EXERCISE DETAILS: Give the entries again exactly; drop the pictures.

(Crawled caption data)
- - -

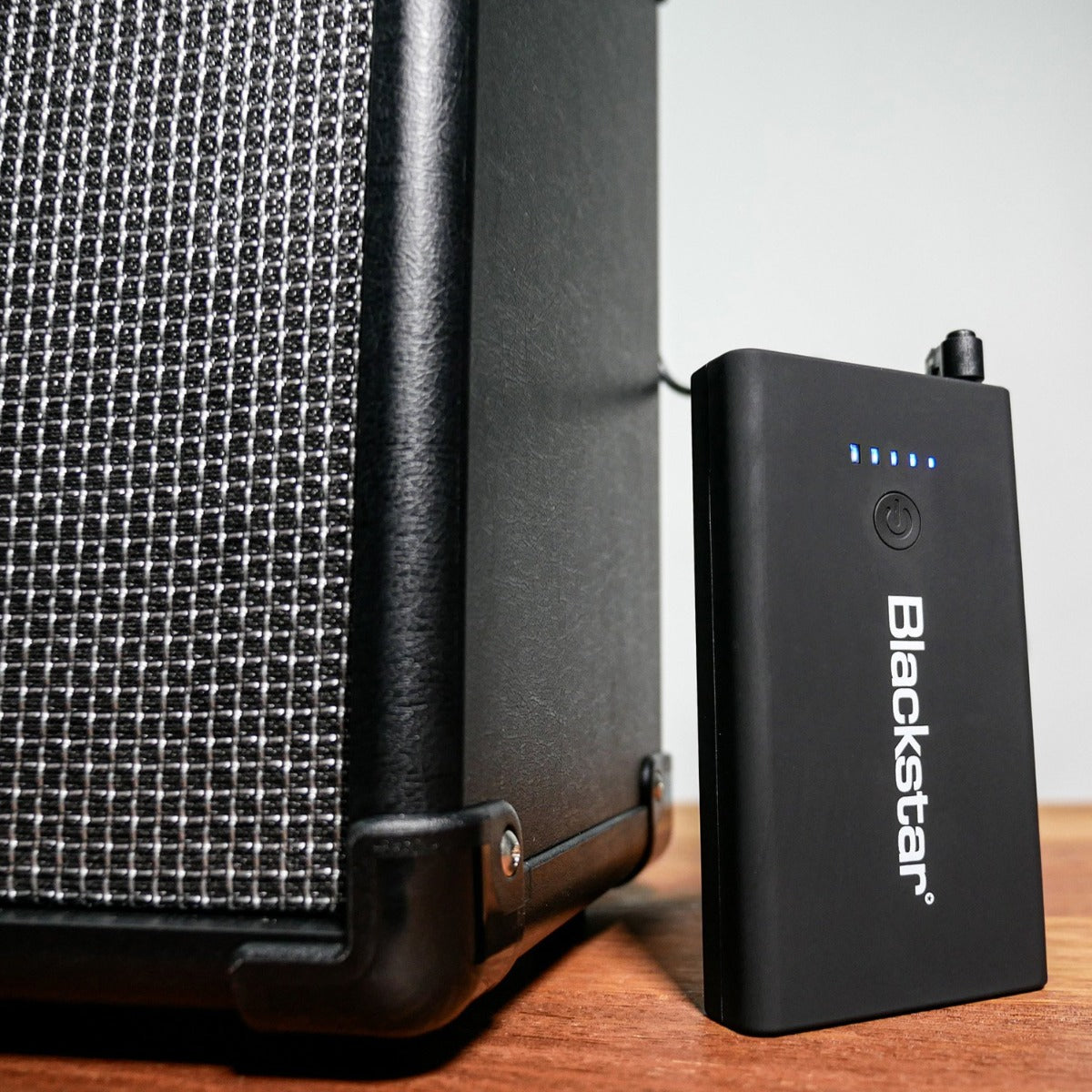 Blackstar PB-1 Power Bank Battery for ID-COREs, BEAMs & SUPERFLYs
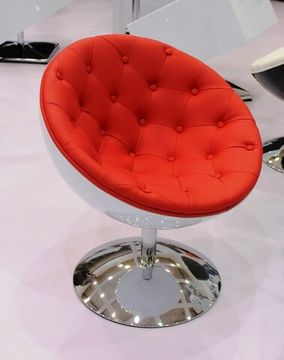 барное кресло 02-82 ( by Simple Chair )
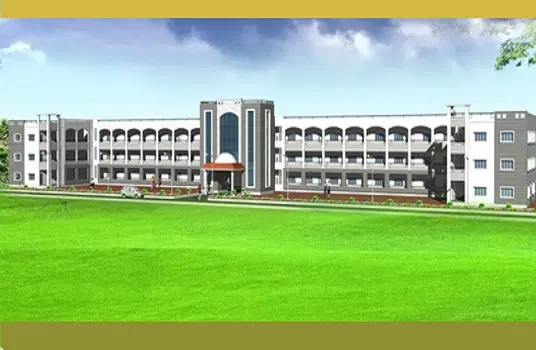 andhra-engineering-college-aec_001.jpg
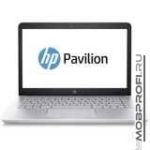 HP Pavilion 14-bk008ur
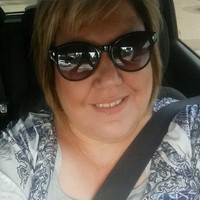 Shelley Gibson Email & Phone Number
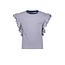 Like Flo Like Flo Meisjes T-Shirt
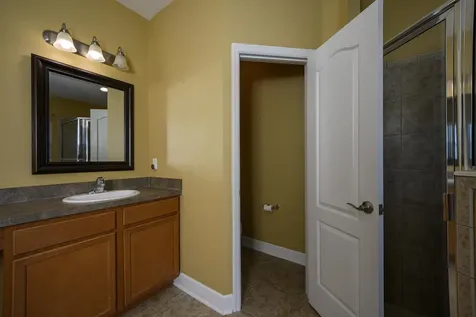 221 Clear Creek Court St Augustine FL 32095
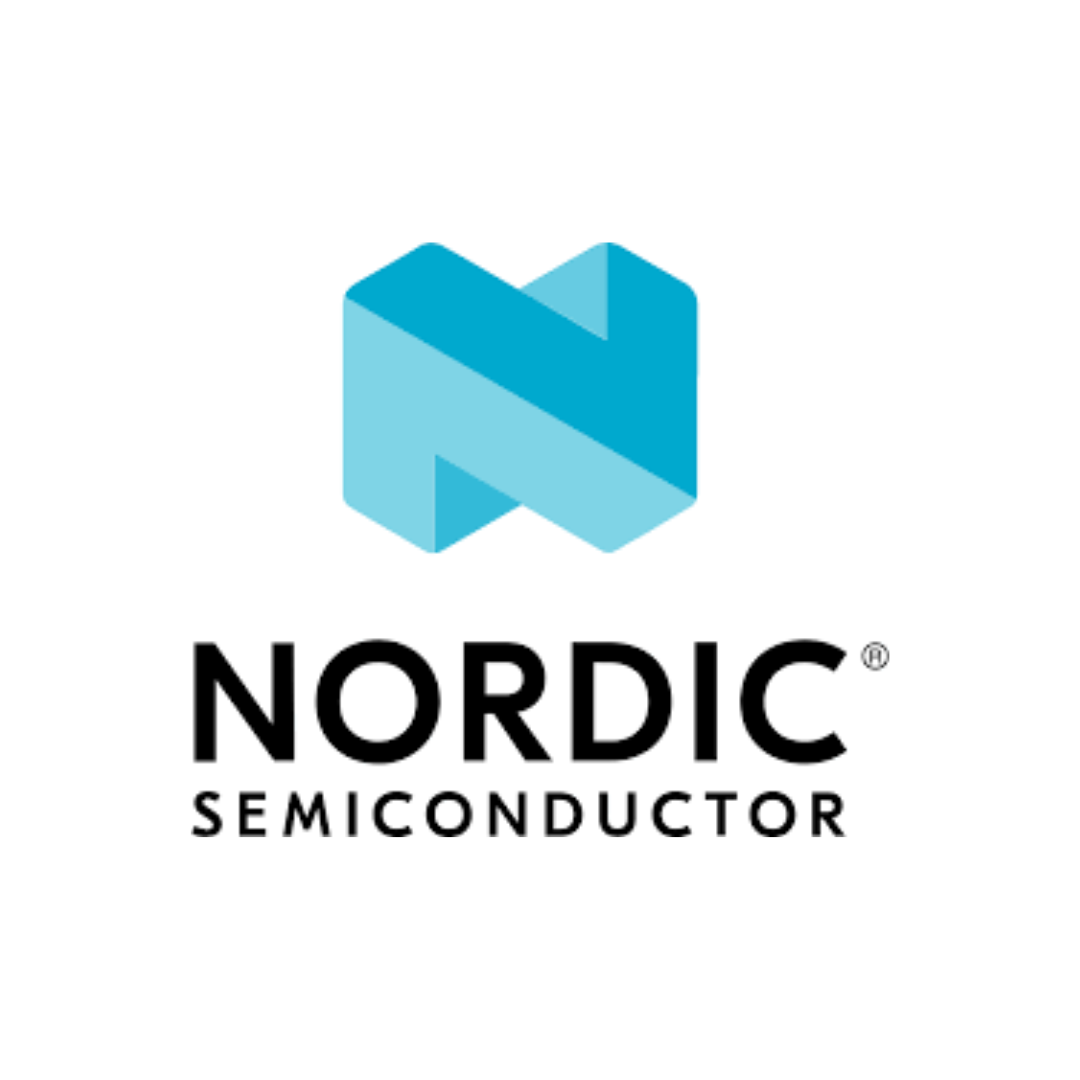 Nordic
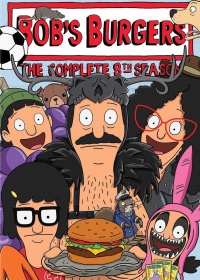 Bob's Burgers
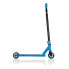 Фото #3 товара The Globber Stunt GS 540 622-100 HS-TNK-000010050 Pro Scooter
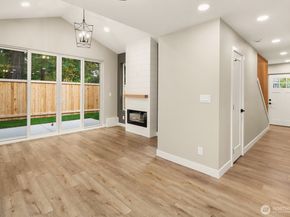 13005 1st Avenue NE, Seattle WA 98125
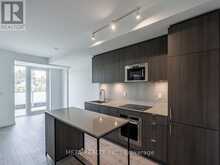 208 - 215 LAKESHORE ROAD W Mississauga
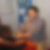 Profilbild von Stefan Kaiser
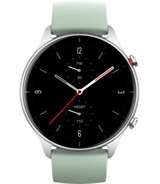 Xiaomi Xiaomi Smartwatch Amazfit GTR 2e Matcha Green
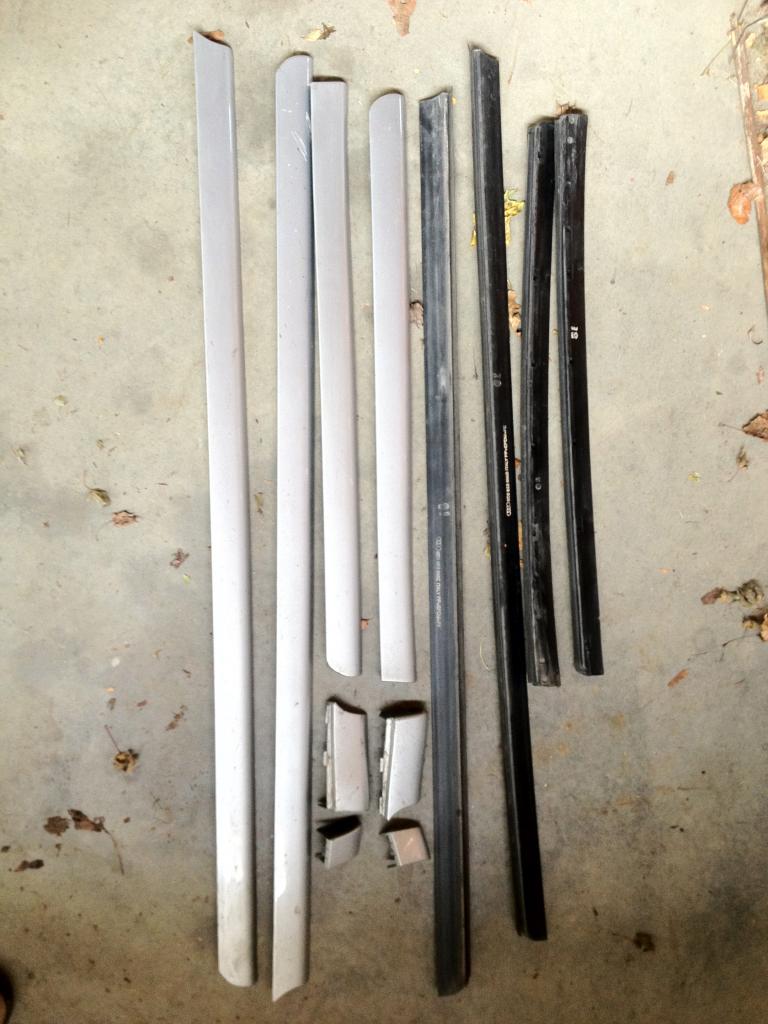 Name:  IMG_2237.jpg
Views: 197
Size:  93.3 KB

- - -

RESPONSE AREA:
 Blackstar PB-1 Power Bank Battery for ID-COREs, BEAMs & SUPERFLYs
 барное кресло 02-82 ( by Simple Chair )
 andhra-engineering-college-aec_001.jpg
 HP Pavilion 14-bk008ur
 Shelley Gibson Email & Phone Number
 Like Flo Like Flo Meisjes T-Shirt
 221 Clear Creek Court St Augustine FL 32095
 Nordic
 Bob's Burgers
 Фото #3 товара The Globber Stunt GS 540 622-100 HS-TNK-000010050 Pro Scooter
 13005 1st Avenue NE, Seattle WA 98125
 208 - 215 LAKESHORE ROAD W Mississauga
 Profilbild von Stefan Kaiser
 Xiaomi Xiaomi Smartwatch Amazfit GTR 2e Matcha Green
 Name:  IMG_2237.jpg
Views: 197
Size:  93.3 KB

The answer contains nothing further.